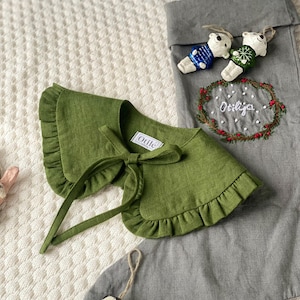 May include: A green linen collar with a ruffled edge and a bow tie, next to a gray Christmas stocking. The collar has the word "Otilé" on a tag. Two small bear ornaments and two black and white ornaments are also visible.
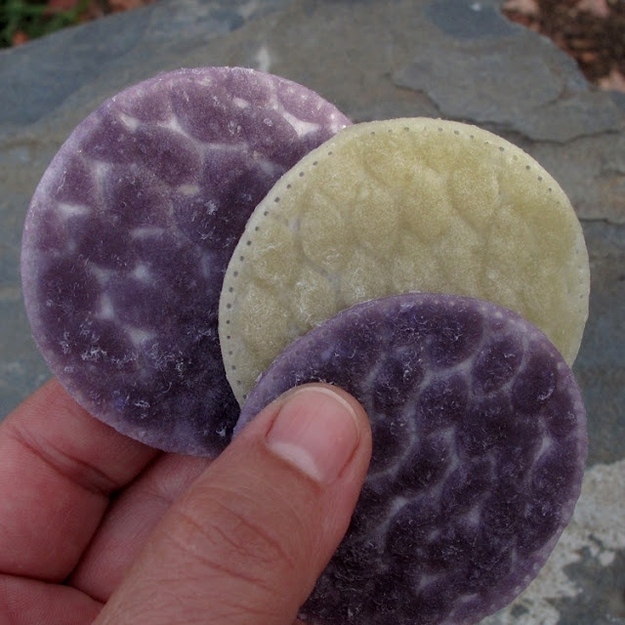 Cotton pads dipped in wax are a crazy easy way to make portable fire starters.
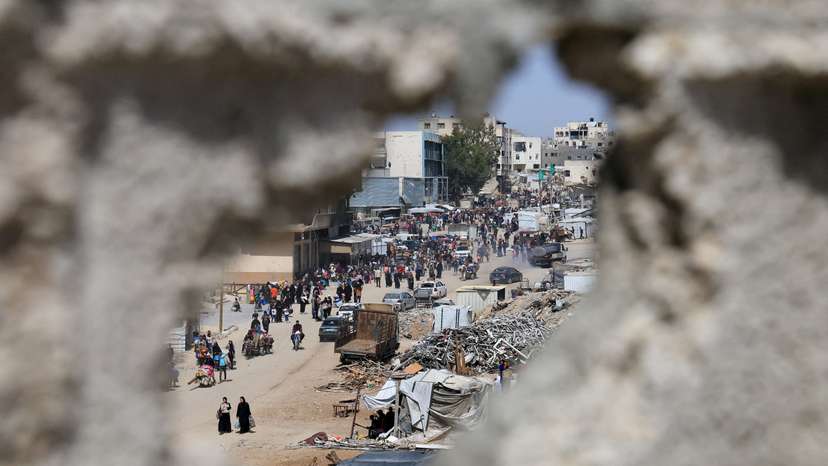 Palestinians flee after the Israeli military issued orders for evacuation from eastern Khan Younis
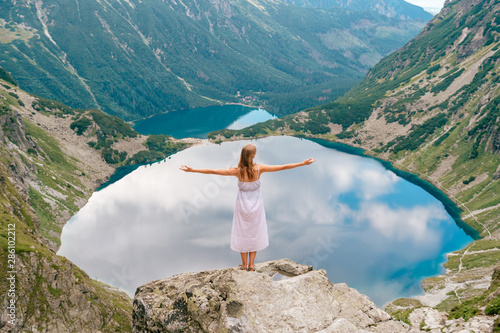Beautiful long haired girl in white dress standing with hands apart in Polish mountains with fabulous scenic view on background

---------------

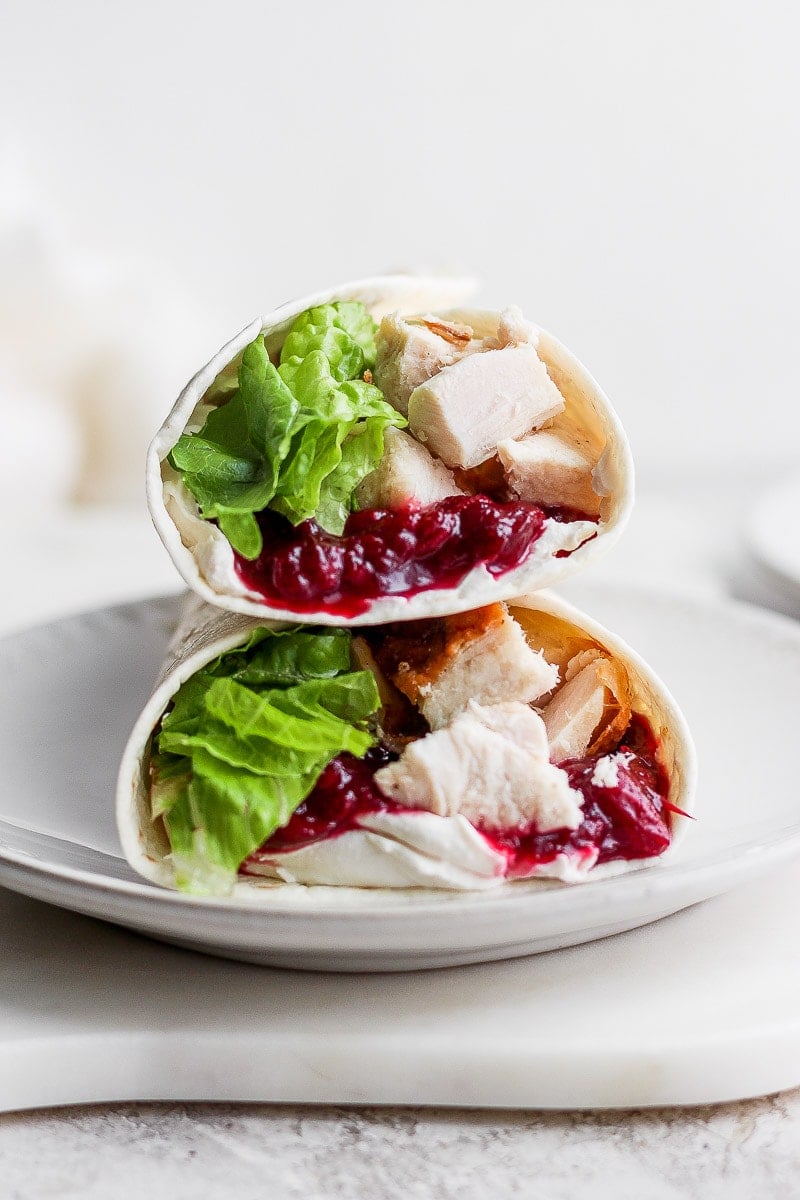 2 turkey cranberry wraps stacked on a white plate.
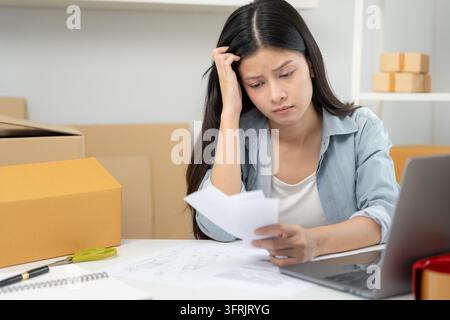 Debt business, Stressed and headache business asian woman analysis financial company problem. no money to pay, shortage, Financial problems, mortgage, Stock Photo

---------------

_EXERCISE DESCRIPTION:_
Working from the data above, repeat exactly, and only, the lines that begin at the line containing "2 turkey cranberry" and stop after the line containing "Debt business, Stressed"; pictures are not copied.

_OUTPUT OF THE TASK:_
 2 turkey cranberry wraps stacked on a white plate.
 Debt business, Stressed and headache business asian woman analysis financial company problem. no money to pay, shortage, Financial problems, mortgage, Stock Photo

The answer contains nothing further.